SUPPLIED INFORMATION: Begin

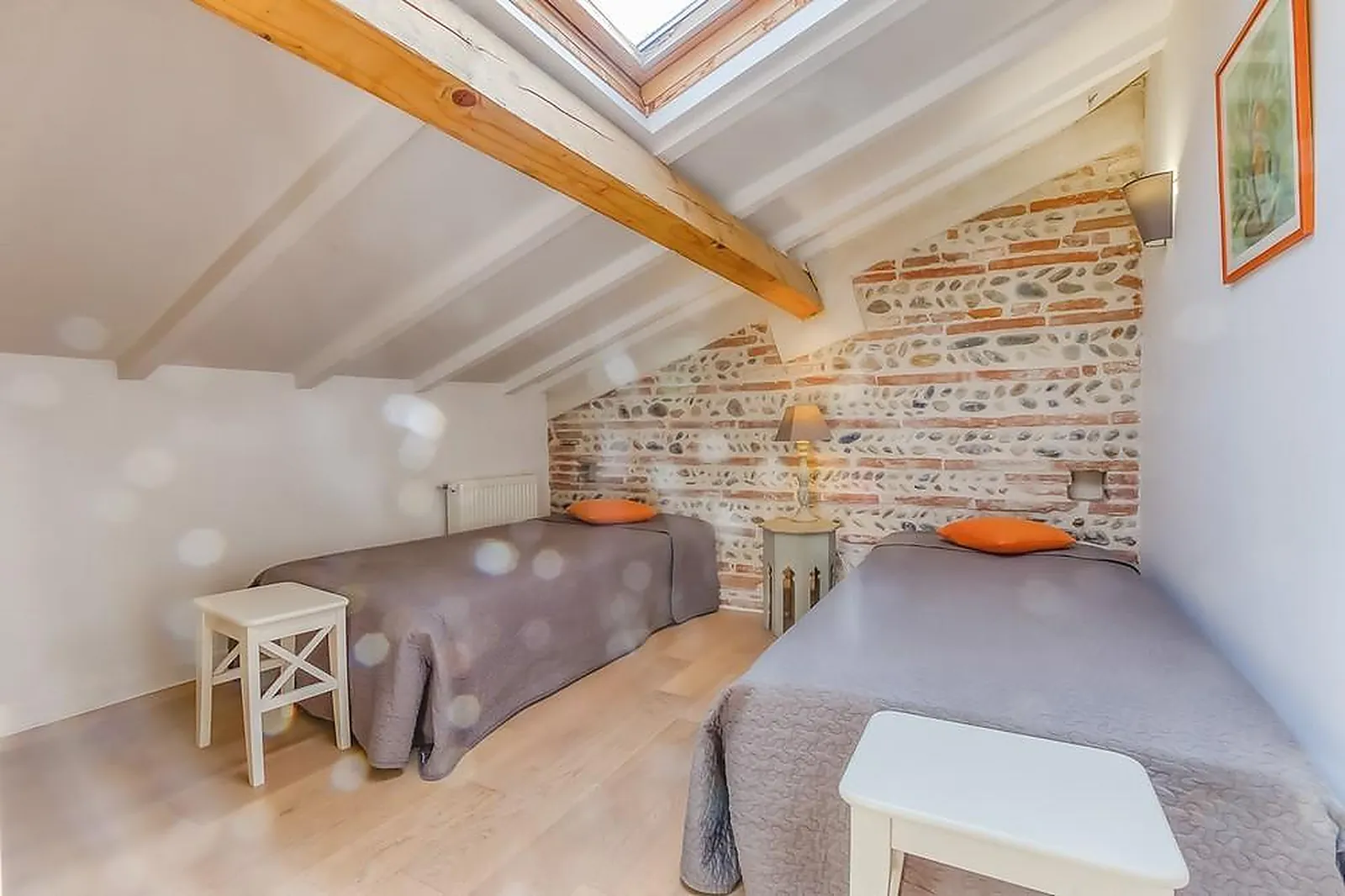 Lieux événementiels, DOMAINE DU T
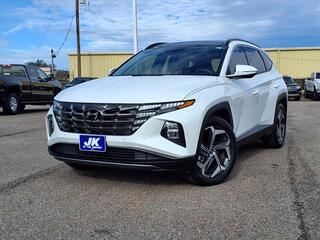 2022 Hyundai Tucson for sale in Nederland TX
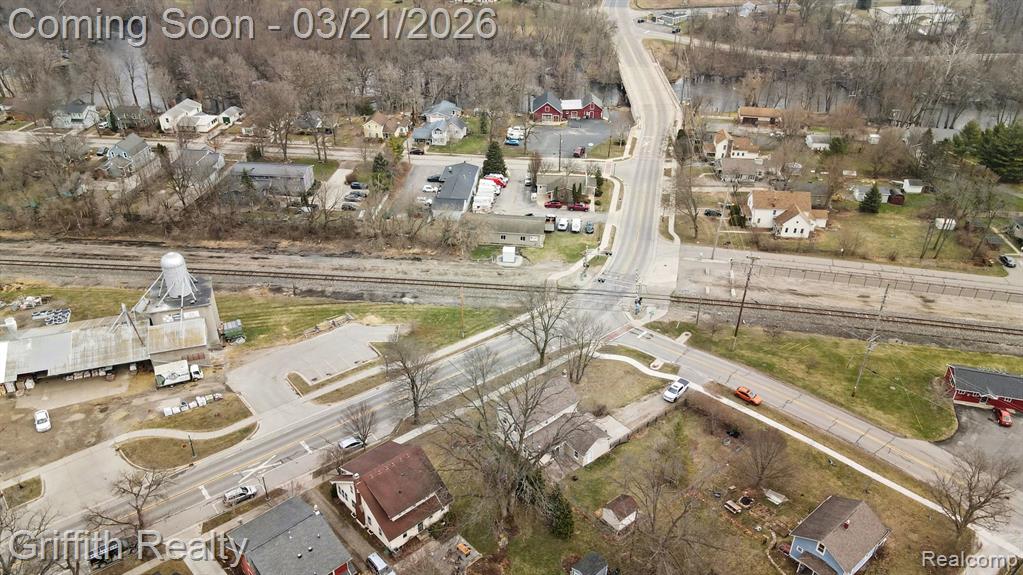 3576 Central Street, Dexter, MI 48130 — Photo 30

SUPPLIED INFORMATION: End

EXERCISE AIM: Find the line with "2022 Hyundai Tucson for sale in Nederland TX" in the listing above, then write it out along with every later line through the last one, exactly, omitting pictures.

TASK RESULT:
 2022 Hyundai Tucson for sale in Nederland TX
 3576 Central Street, Dexter, MI 48130 — Photo 30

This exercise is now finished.